→ **Work task**:
Copying task for the records below: reproduce each one exactly and drop the pictures.

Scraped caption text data
-=-=-=-=-

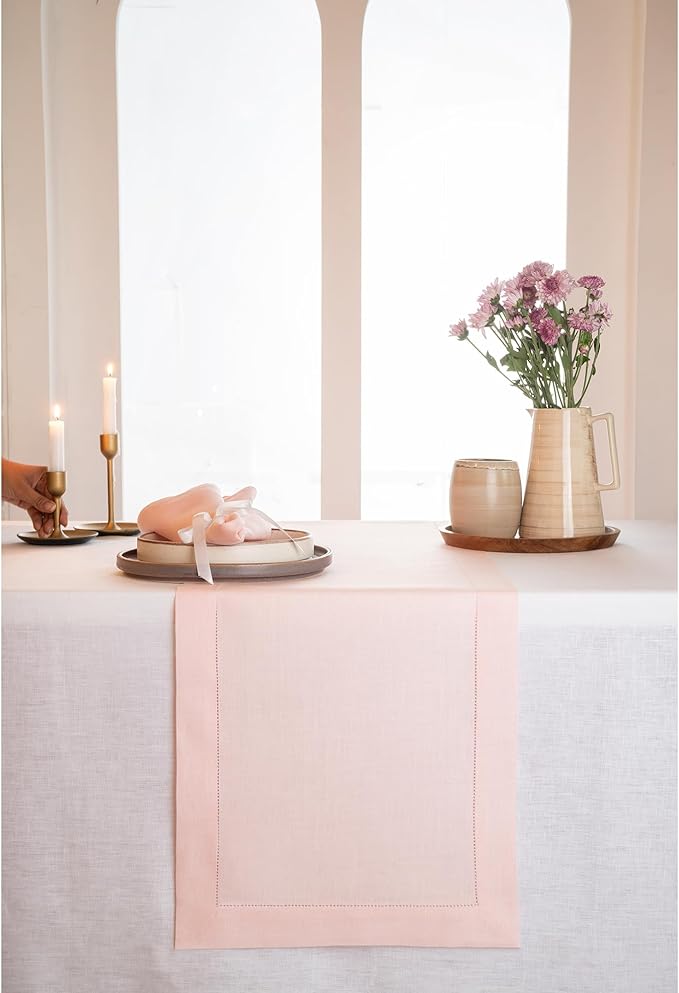 D'Moksha Homes Linen Pastel Pink Table Runner 120 Inches Long - 100% Pure Linen Hemstitch 14 x 120 Inch Table Runner for Dining, Valentines, Spring, Easter - Classic Hemstitch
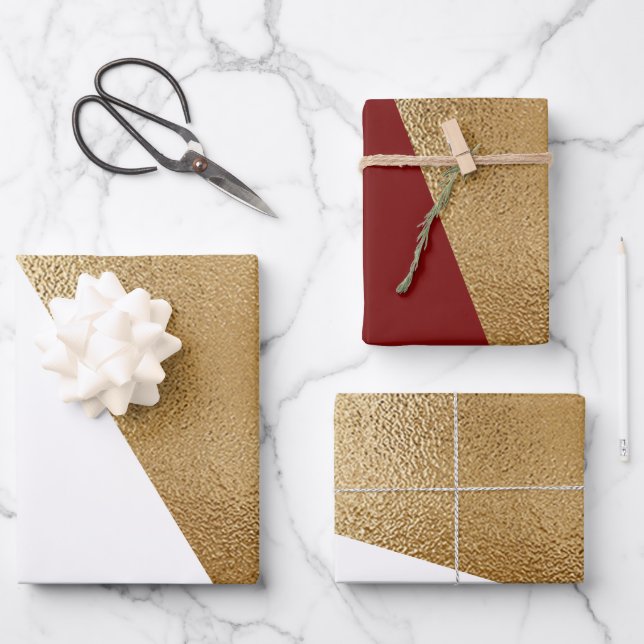 Feuille De Papier Cadeau Noël blanc rouge géométrique moderne (Recto)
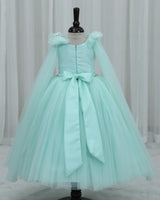 Net Sleeveless Floral Appliqué Butterfly Full-Length Gown for Girl in Light Aqua Blue (New)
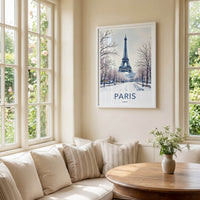 Paris Poster - France Framed Print - Snowy Eiffel Tower Gallery Art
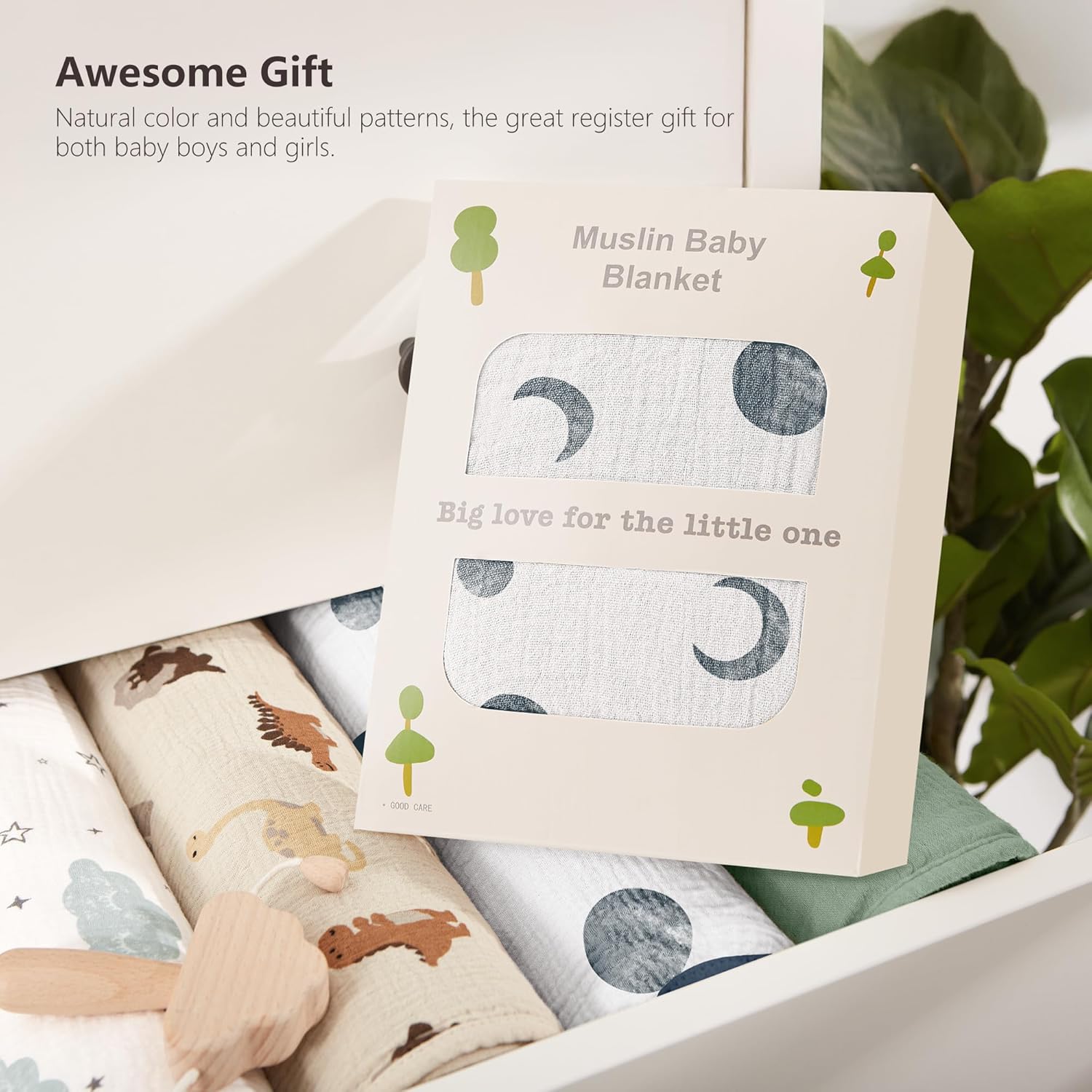 Susurration Baby Blanket for Unisex Boys Girls, Soft Nursery Minky Blanket with Muslin Cotton Front and Dotted Fleece Back, Receiving Blanket for Baby Newborn Infant, 30x40inch (Bluemoon)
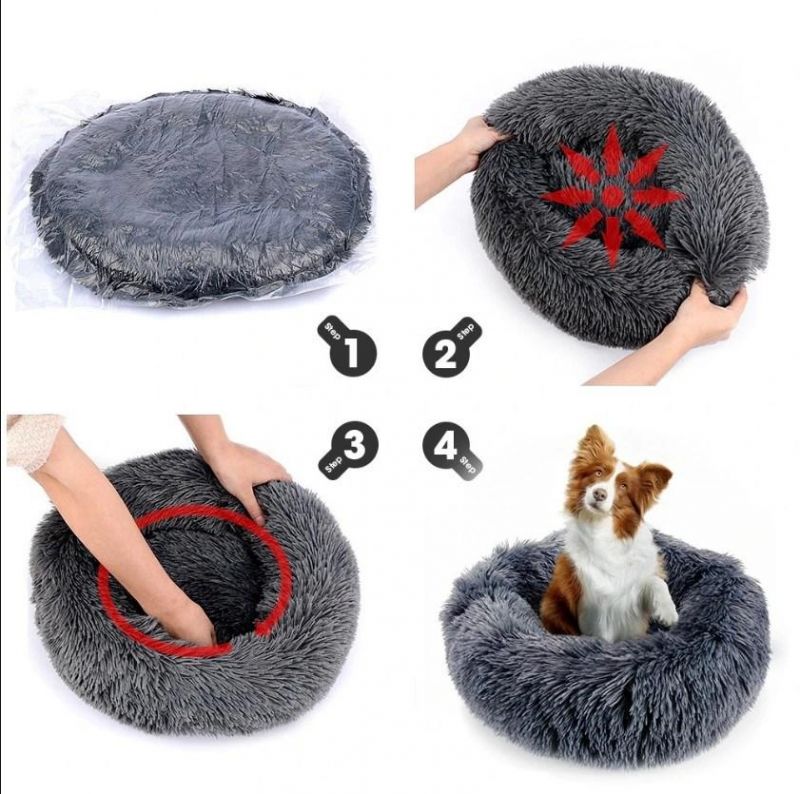 Fur Fluffy Donut Cheap Large Comfy Calming Dog Bed Luxury Washable Plush Pet Bed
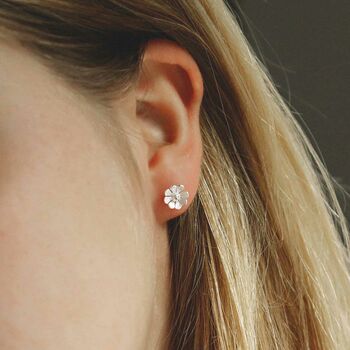 Sterling Silver Dainty Daisy Studs, 3 of 12
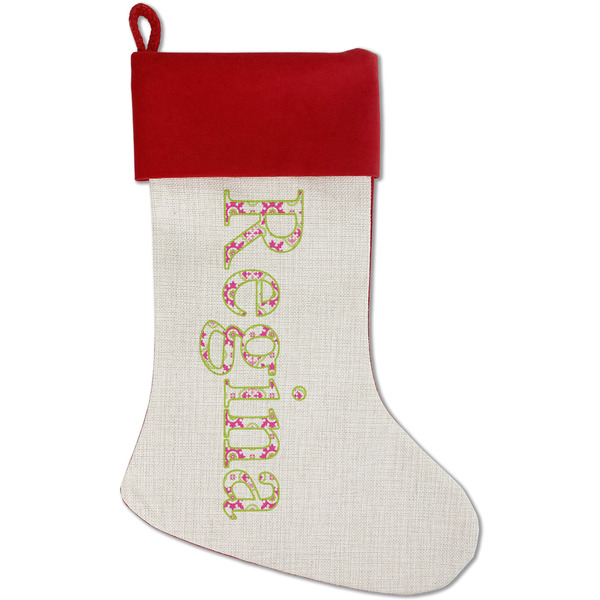 Custom Suzani Floral Red Linen Stocking (Personalized)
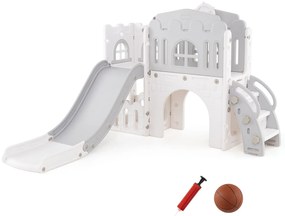 Conjunto de escorregador e escalada para playground interno 9 em 1 para crianças - amarelo e verde
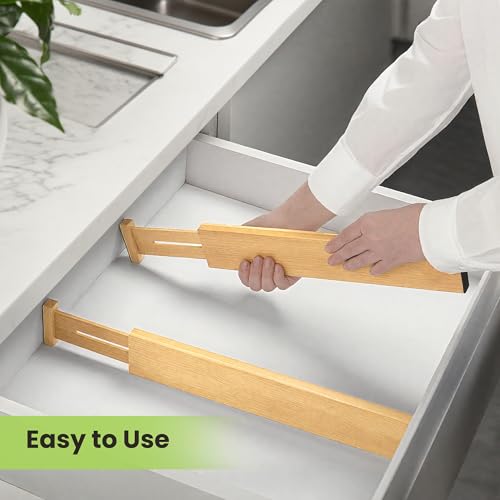 Fyvva Drawer Organizer, Spring-Loaded Expandable Bamboo Dividers 8-Pack | Large Kitchen Drawer Organizer, Adjustable 16.9 to 22.2 in, 2.3in High Non Slip for Kitchen Clothes Bathroom Office Natural - size: 8 Pack Large
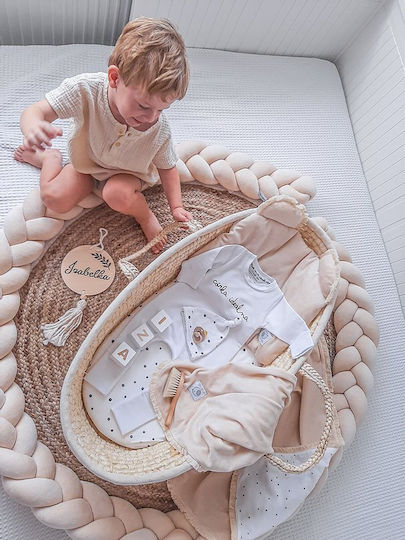 Sparrow Velvet Crib Bumpers Braided Inside Beige 15x240cm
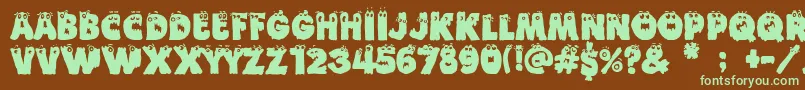 Funny Death Font – Green Fonts on Brown Background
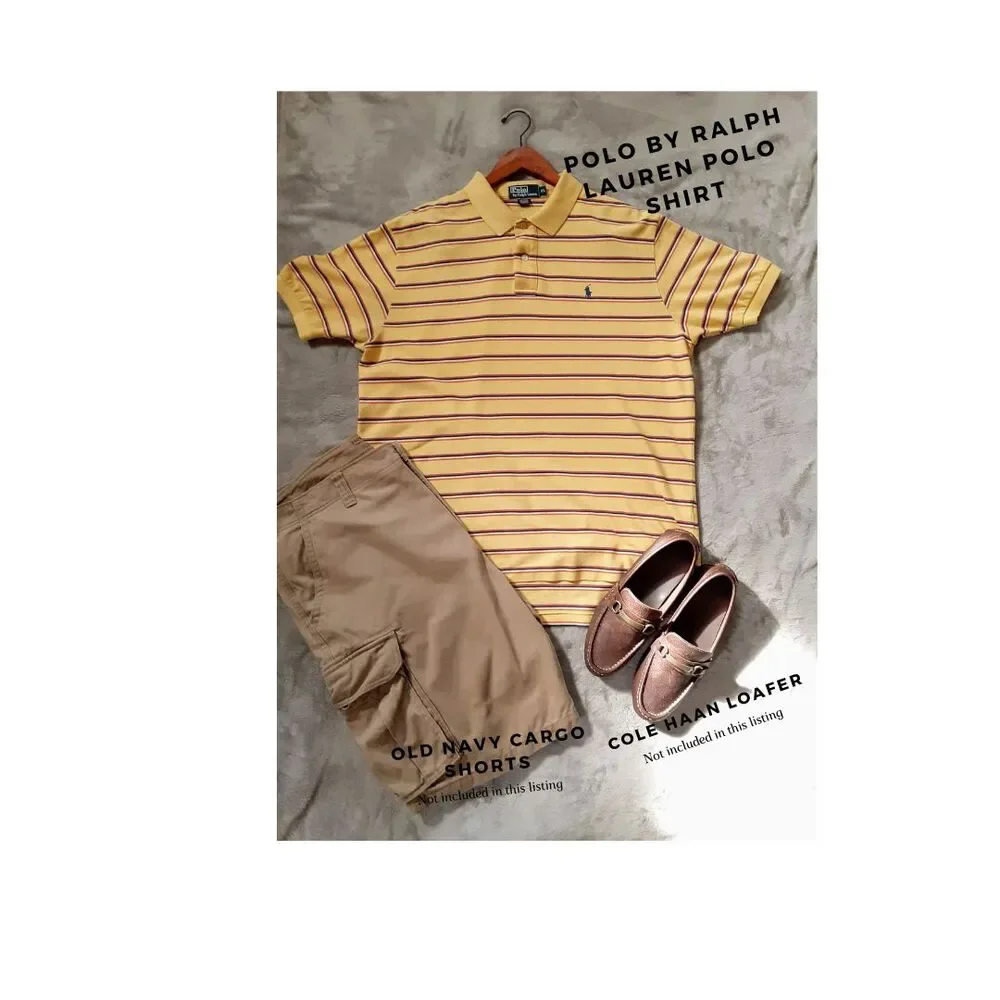 Vintage Ralph Lauren Polo Shirt Mens XL Yellow Striped Americana Preppy 90s
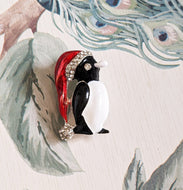 Crystal Christmas Penguin Pin Brooch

-=-=-=-=-

→ **Reply**:
 D'Moksha Homes Linen Pastel Pink Table Runner 120 Inches Long - 100% Pure Linen Hemstitch 14 x 120 Inch Table Runner for Dining, Valentines, Spring, Easter - Classic Hemstitch
 Feuille De Papier Cadeau Noël blanc rouge géométrique moderne (Recto)
 Net Sleeveless Floral Appliqué Butterfly Full-Length Gown for Girl in Light Aqua Blue (New)
 Paris Poster - France Framed Print - Snowy Eiffel Tower Gallery Art
 Susurration Baby Blanket for Unisex Boys Girls, Soft Nursery Minky Blanket with Muslin Cotton Front and Dotted Fleece Back, Receiving Blanket for Baby Newborn Infant, 30x40inch (Bluemoon)
 Fur Fluffy Donut Cheap Large Comfy Calming Dog Bed Luxury Washable Plush Pet Bed
 Sterling Silver Dainty Daisy Studs, 3 of 12
 Custom Suzani Floral Red Linen Stocking (Personalized)
 Conjunto de escorregador e escalada para playground interno 9 em 1 para crianças - amarelo e verde
 Fyvva Drawer Organizer, Spring-Loaded Expandable Bamboo Dividers 8-Pack | Large Kitchen Drawer Organizer, Adjustable 16.9 to 22.2 in, 2.3in High Non Slip for Kitchen Clothes Bathroom Office Natural - size: 8 Pack Large
 Sparrow Velvet Crib Bumpers Braided Inside Beige 15x240cm
 Funny Death Font – Green Fonts on Brown Background
 Vintage Ralph Lauren Polo Shirt Mens XL Yellow Striped Americana Preppy 90s
 Crystal Christmas Penguin Pin Brooch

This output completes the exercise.